7. A personalized Bayesian federated learning method based on conjugate multi-class Gaussian process classification and deep kernel learning, characterized in that, The system described in claim 1 comprises the following steps: A client receives global depth kernel hyperparameters broadcast by a server, decomposes the multi-class similarity using a conjugate multi-class Gaussian process classification method, introduces auxiliary variables to obtain an analytical conditional posterior distribution, updates the latent function value and auxiliary variables through Gibbs sampling to obtain posterior samples, optimizes local depth kernel hyperparameters based on the posterior samples, and uploads them to the server; The server receives local depth kernel hyperparameters from each client, updates the global depth kernel hyperparameters using a weighted average based on the amount of local data from each client, and broadcasts the updated global depth kernel hyperparameters to each client. The above steps are repeated to achieve cross-client knowledge sharing and personalized learning collaborative optimization.
8. The method according to claim 7, characterized in that, The specific steps for Gibbs sampling and updating latent function values and auxiliary variables are as follows: initialize the number of parallel Gibbs chains and the number of local Gibbs iteration steps; initialize auxiliary variables and latent variables for each Gibbs chain; in each iteration, first sample the auxiliary variables of the current round based on the latent variables of the previous round, and then sample the latent variables of the current round based on the auxiliary variables of the current round.
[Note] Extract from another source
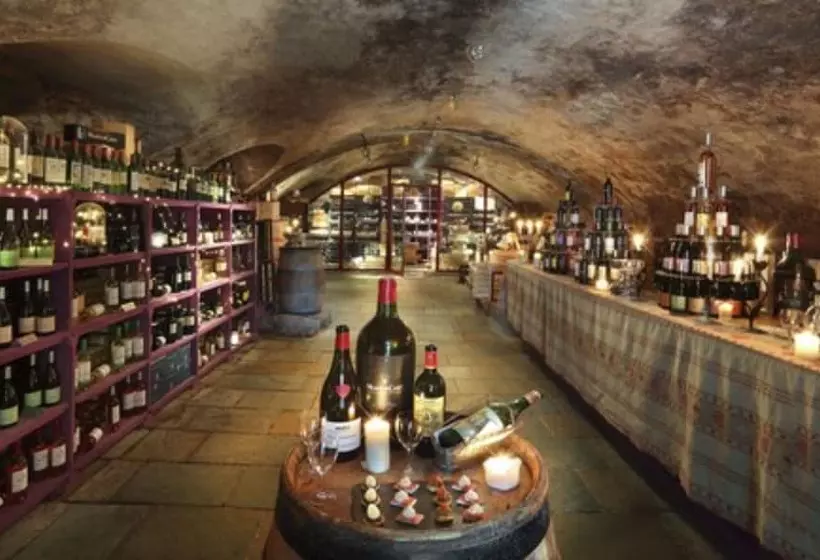 Hotel Chateau Des Comtes De Challes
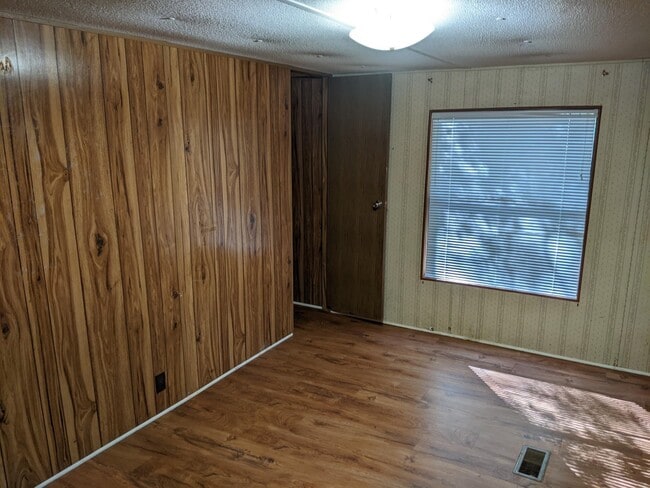 11231 Daddy Hall Ln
After all iterations are completed, the final auxiliary variables and latent variables of each Gibbs chain are obtained as posterior samples.
9. A personalized Bayesian federated learning method based on conjugate multi-class Gaussian process classification and deep kernel learning, characterized in that, Applied to the system of claim 1, the generalization error of this method satisfies the PAC-Bayes generalization error bound. For any value of delta between 0 and 1, the relevant inequality holds with probability 1 minus delta. The true risk function is the expected classification error rate under the posterior distribution, the empirical risk is the classification error rate of the posterior distribution on the training set, the complexity term depends on the KL divergence between the posterior and prior, and the inverse function of the Bernoulli KL divergence is the maximum value among all probability values that satisfy the Bernoulli KL divergence is not greater than the complexity term.
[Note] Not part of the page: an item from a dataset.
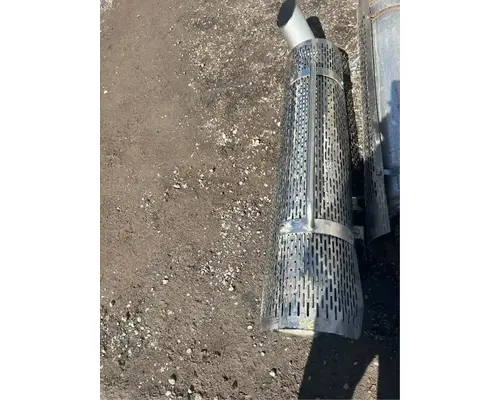 Mack RB688S Exhaust Pipe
10. The method according to claim 9, characterized in that, The true risk function is the integral of the probability that the sign of the latent function in the posterior distribution is not equal to the label under the expectation of new sample input and label; the empirical risk is the average probability that the sign of the latent function in the posterior distribution is not equal to the label in the training set samples; the complexity term is the sum of the KL divergence between the posterior and prior and the logarithm of the number of training samples plus 1 divided by delta, and then divided by the number of training samples.